Mike Jurewitz: “I have watched too many developers over the years focus on the wrong things in their products. Some endlessly add feature upon feature and take so long to ship that their users have long since moved on. Others endlessly rework a feature in pursuit of some nebulous technical excellence that isn’t necessary and whose pursuit certainly doesn’t pay the bills. And others find themselves constantly moving the target they’re trying to hit, redefining the features, UI, or problem-space of their product in a continual reaction to the world around them. These are easy traps to fall into. After all, we’re all human and most of us are making it up as we go.”

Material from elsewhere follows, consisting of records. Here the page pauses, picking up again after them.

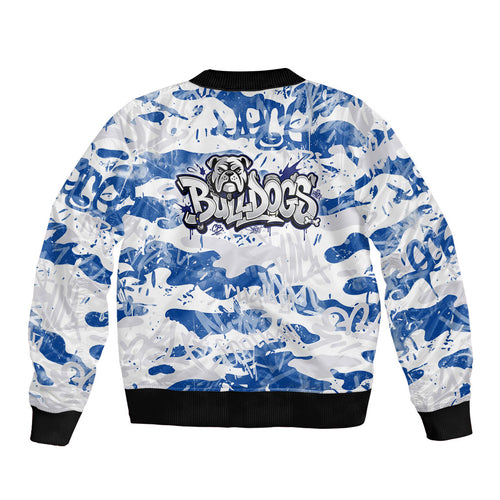 Canterbury-Bankstown Bulldogs Rugby Bomber Jacket Graffiti Typography Urban Camo Abstract Street Style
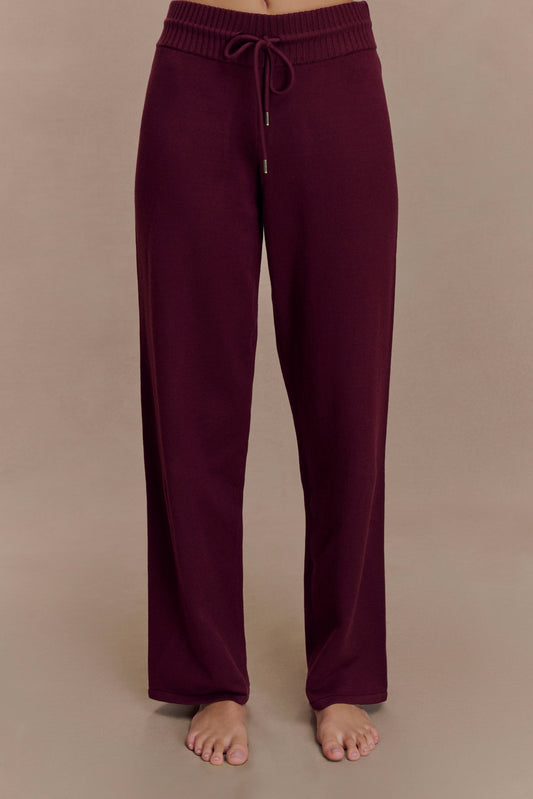 Pantalon large en tricot Natalya - Merlot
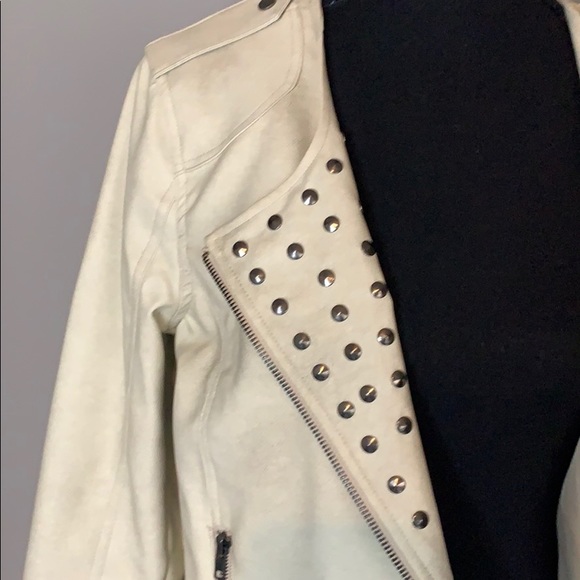 Rhyme & Echo Distressed Vegan Leather Moto Jacket - Picture 5 of 9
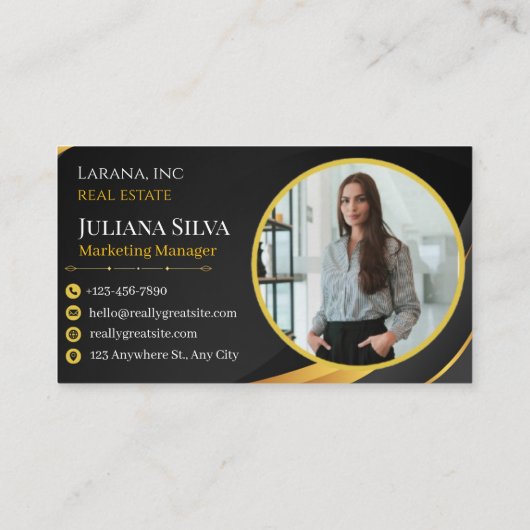 black and yellow modern manager business card 名刺 (裏面)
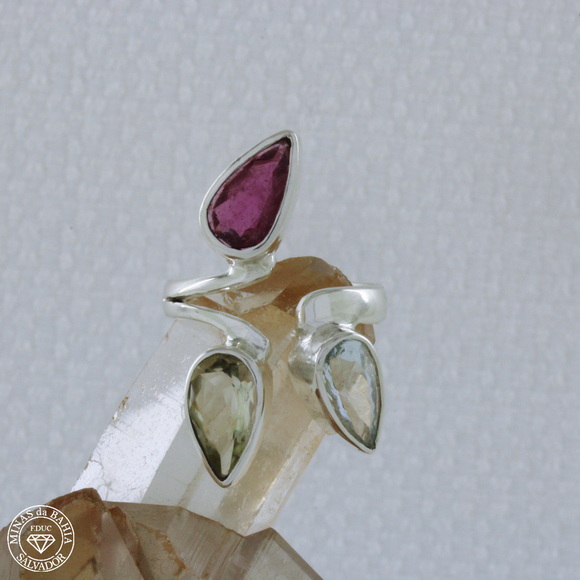 adiv042 anel de granada, berilo e água marinha 1,47ct 2,96ct cod423 Anel de granada, berilo, água-marinha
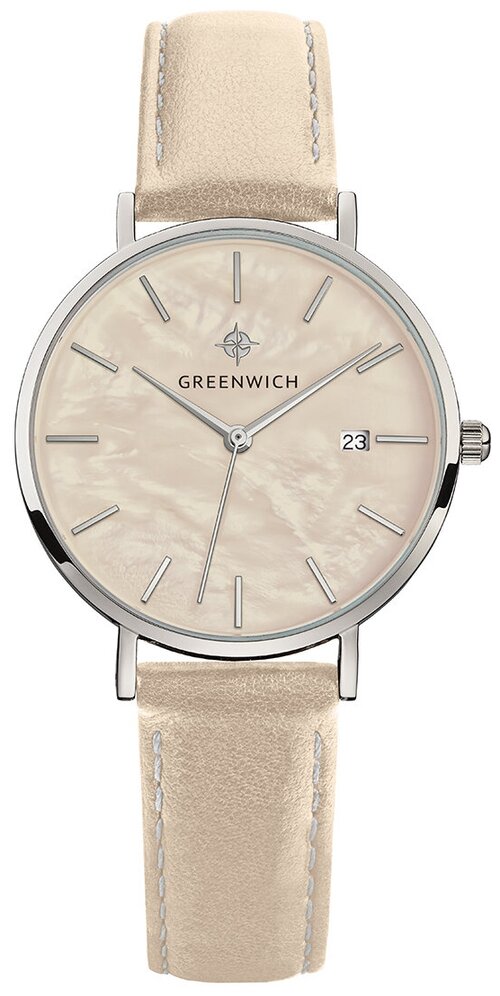 Наручные часы GREENWICH, бежевый, серебряный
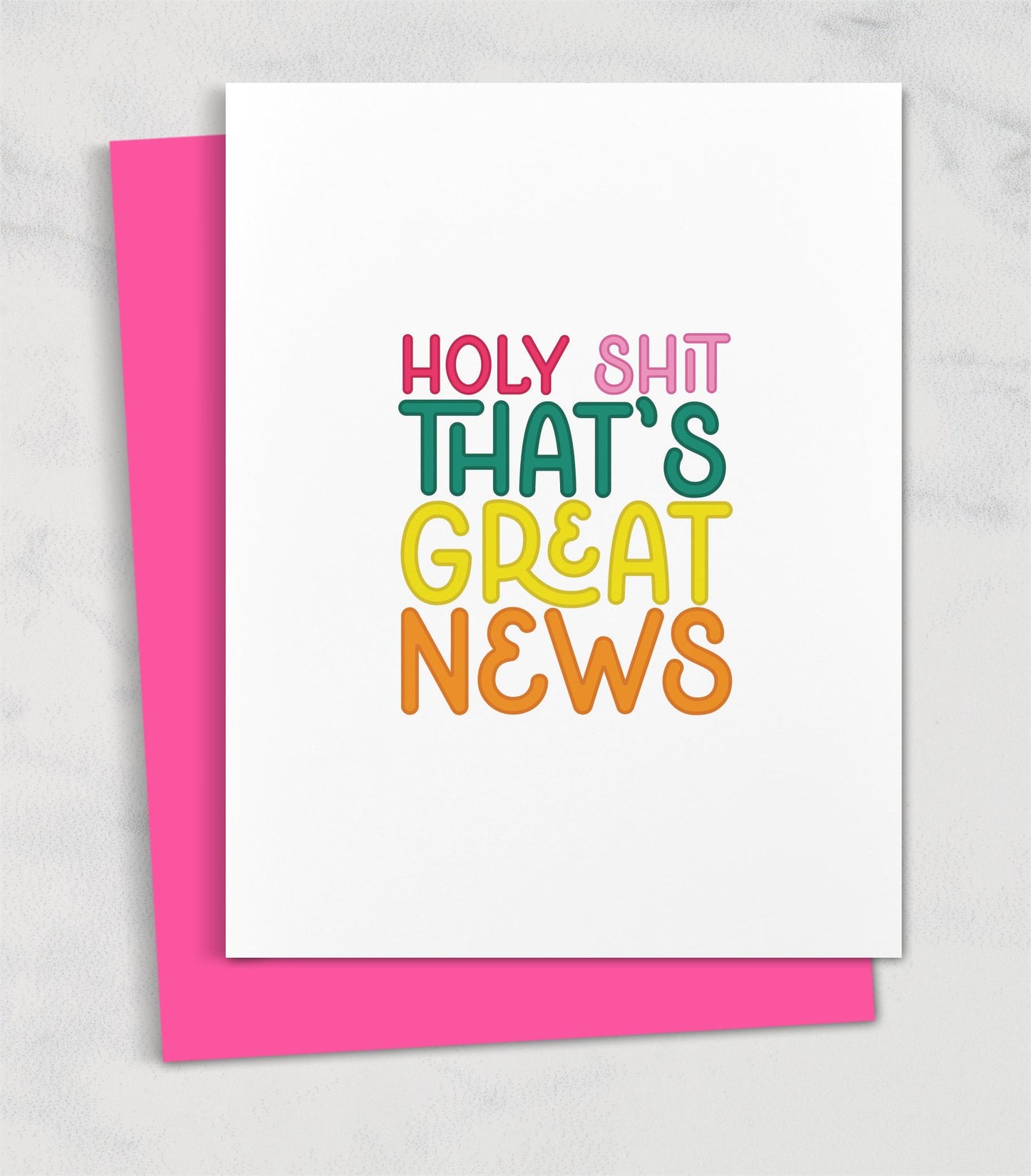 holy shit that's great news / congratulations card for friend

Good advice. Maybe people don’t teach this anymore? You can’t have a 2.0 without ever having a 1.0, right. Iterate, iterate, iterate, but ship between those iterations. Some people have to find the perfect solution for everything, or they waste their time rewriting code that works because they don’t like the style, or believe their way is better. There are, of course, good reasons for rewriting code, but the reasons I just mentioned aren’t among them.
I’m guilty of doing this stuff myself, when I was younger. What I’d end up with is code the way I liked it, but offered the same functionality. No net gain. I’ve learned not to do this. I now move forward and tweak things as needed for the next release. Yes, it must be solid and usable, but it doesn’t have to be perfect in every way.
I’m not the greatest developer in the world. I’m slow and my code has never been the prettiest in the world, but it’s in use by well over 10 million people worldwide, and that’s a pretty darned good feeling.
So, my advice to you is, find a nice minimum set of functionality, make it usable, make it solid, and ship it. That will let you move forward. It will afford you the opportunity to create a 2.0.